L’article 24 de la directive s’inscrit parfaitement dans cette logique. La définition qu’il donne du conflit d’intérêts est parfaitement claire à cet égard : « un intérêt (…) qui pourrait être perçu comme compromettant leur impartialité ». Il n’est pas exigé des États membres qu’ils introduisent des dispositions imposant une vérification du doute, même légitime ; il leur est demandé d’introduire des dispositions écartant tout ce qui pourrait être « perçu » comme mettant en cause l’impartialité du décideur public.
Un arrêt à rapprocher de l’arrêt EBM Thermique d'octobre 2014
Le Conseil d’État, fidèle à sa logique, n’a pas introduit la théorie de l’apparence avec empressement dans ses décisions, et ne le fait que de manière implicite, par petites touches. Sur ce point, il est intéressant de rapprocher la décision Région Nord – Pas-de-Calais commentée ici d’un arrêt portant exactement sur la même question, rendu un an plus tôt. On y perçoit l’évolution, certes subtile, mais bien réelle, du juge administratif.
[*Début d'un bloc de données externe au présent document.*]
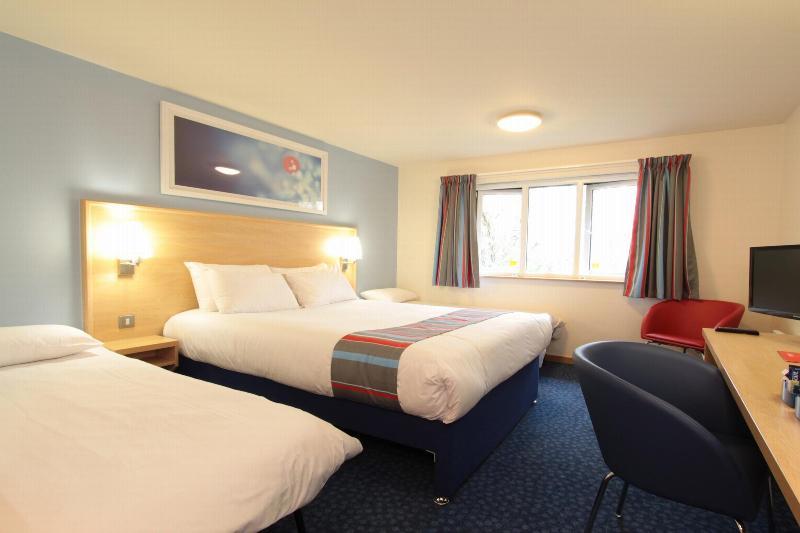Travelodge Eastleigh Central Kültér fotó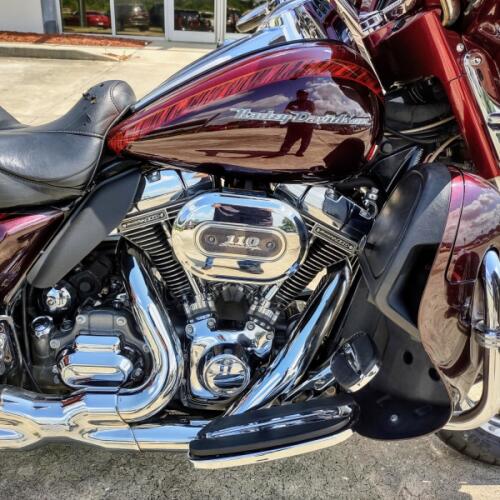 Harley-Davidson® CVO™ Electra Glide Ultra Limited® 2014 thumb 2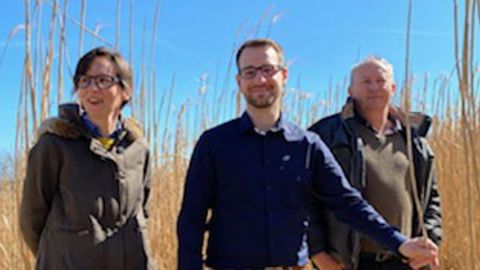 Magali Dumas, dirigeante d’Agricentre Dumas, Clément Emery, ingénieur agro-environnement chez Agricentre Dumas, et Christian Pouget, agriculteur à Lubersac (Corrèze).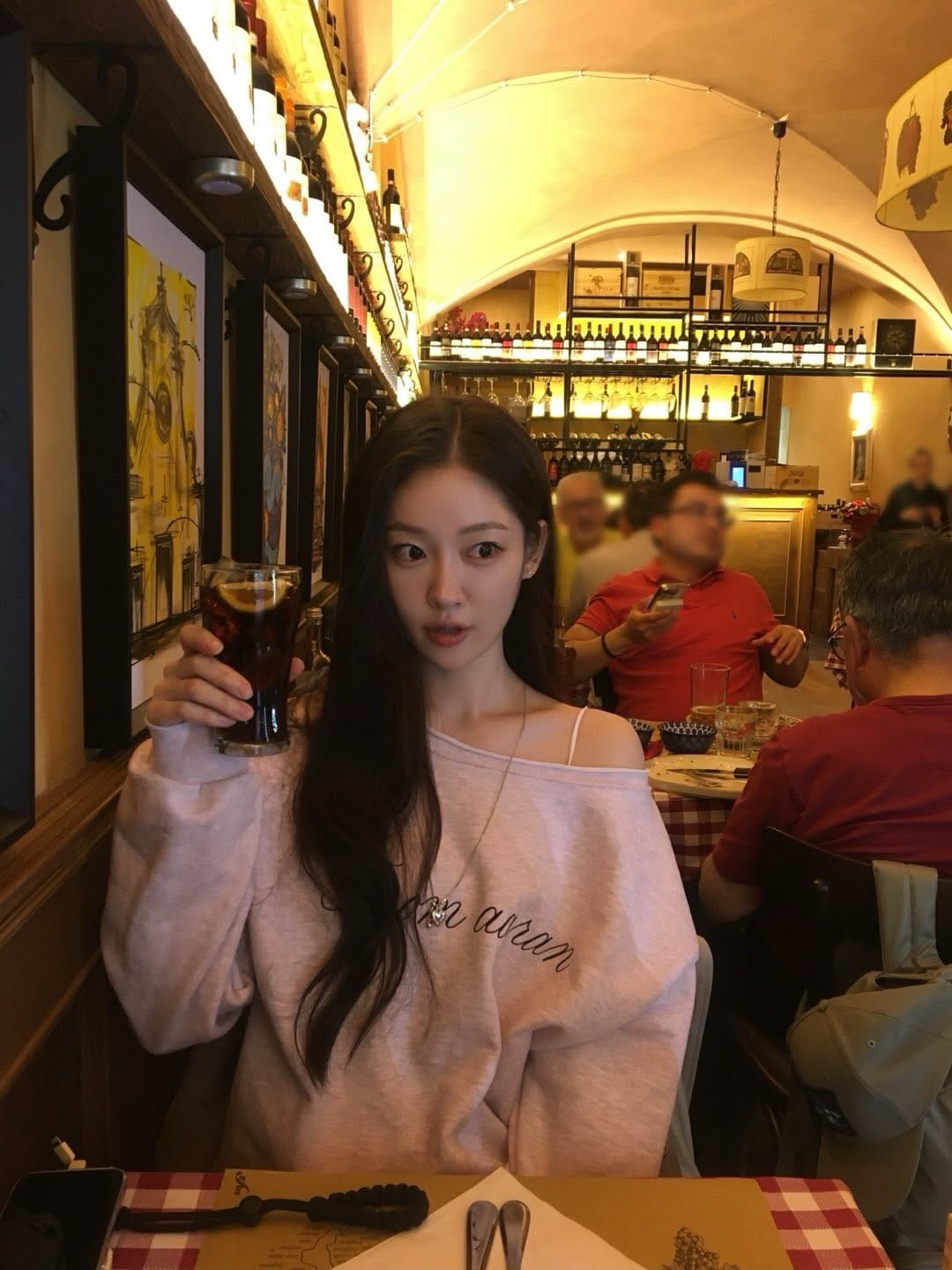 Post 1 by 송지우 on Instagram (carousel)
Dans sa décision EBM Thermique du 22 octobre 2014 (CE 22 oct. 2014, Société EBM Thermique, req. n° 382495), le Conseil d’État a eu à statuer sur le cas d’un adjoint au maire qui était membre du conseil d’administration de la société suisse EBM, dont la sous-filiale EBM thermique avait été désignée attributaire du marché. Cet adjoint avait participé à la décision, notamment en rédigeant les réponses aux questions des opérateurs économiques concurrents.Pour écarter le doute pesant sur l’impartialité de cet adjoint, la Haute assemblée procède à une vérification et considère que l’intéressé n’a été élu membre du conseil d’administration d’EBM qu’en qualité de représentant des abonnés au réseau public de distribution d’électricité, et « qu’il ne ressortait pas [des pièces du dossier] qu’il aurait eu un intérêt personnel (…) de nature à créer un doute légitime sur son impartialité ».
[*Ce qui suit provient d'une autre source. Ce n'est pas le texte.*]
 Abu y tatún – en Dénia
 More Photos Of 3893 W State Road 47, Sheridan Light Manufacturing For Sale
Dans cette décision, rendue il y a un an à peine, le juge ne se borne pas, alors, à constater l’apparence du doute ; il vérifie au contraire si, au vu des éléments du dossier, il y avait réellement matière à douter.
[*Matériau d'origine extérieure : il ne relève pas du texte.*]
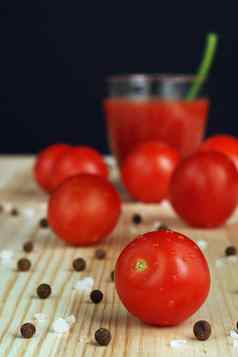新鲜的西红柿红色的西红柿番茄汁新鲜挤压透明的玻璃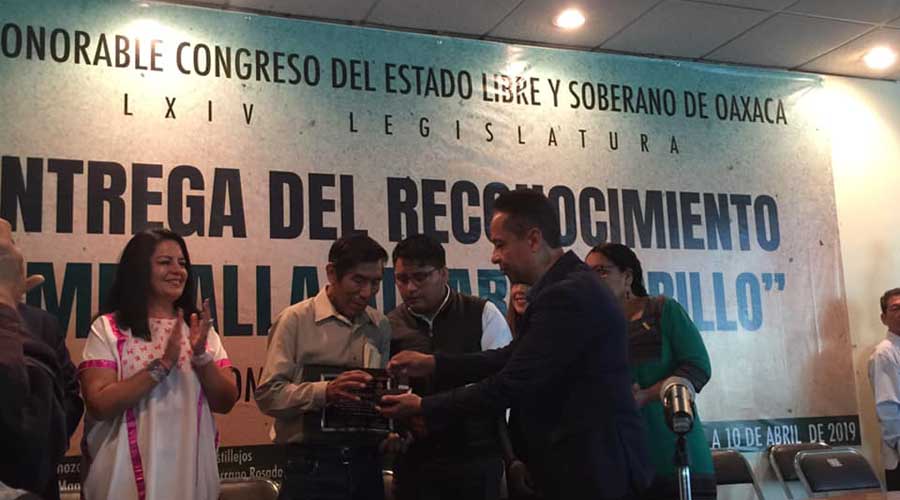 Tomás Vargas Gris recibe la Medalla Álvaro Carrillo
En 2015, le juge constate, certes, qu’il « ne résulte pas de l'instruction que l'intéressé détiendrait encore des intérêts au sein de l'entreprise », mais c’est pour ajouter aussitôt que « le caractère encore très récent de leur collaboration, à un haut niveau de responsabilité, pouvait légitimement faire naître un doute sur la persistance de tels intérêts et par voie de conséquence sur l'impartialité de la procédure suivie par la région ». L’évolution est subtile, mais elle est réelle. Si en 2014, un lien effectif et actuel entre un élu et le candidat retenu fait naître un doute, que le juge lève en allant au-delà de l’apparence, en 2015, il se contente de l’apparence du doute que crée un lien antérieur, lien qui n’est plus effectif depuis deux ans à la date de la passation du marché.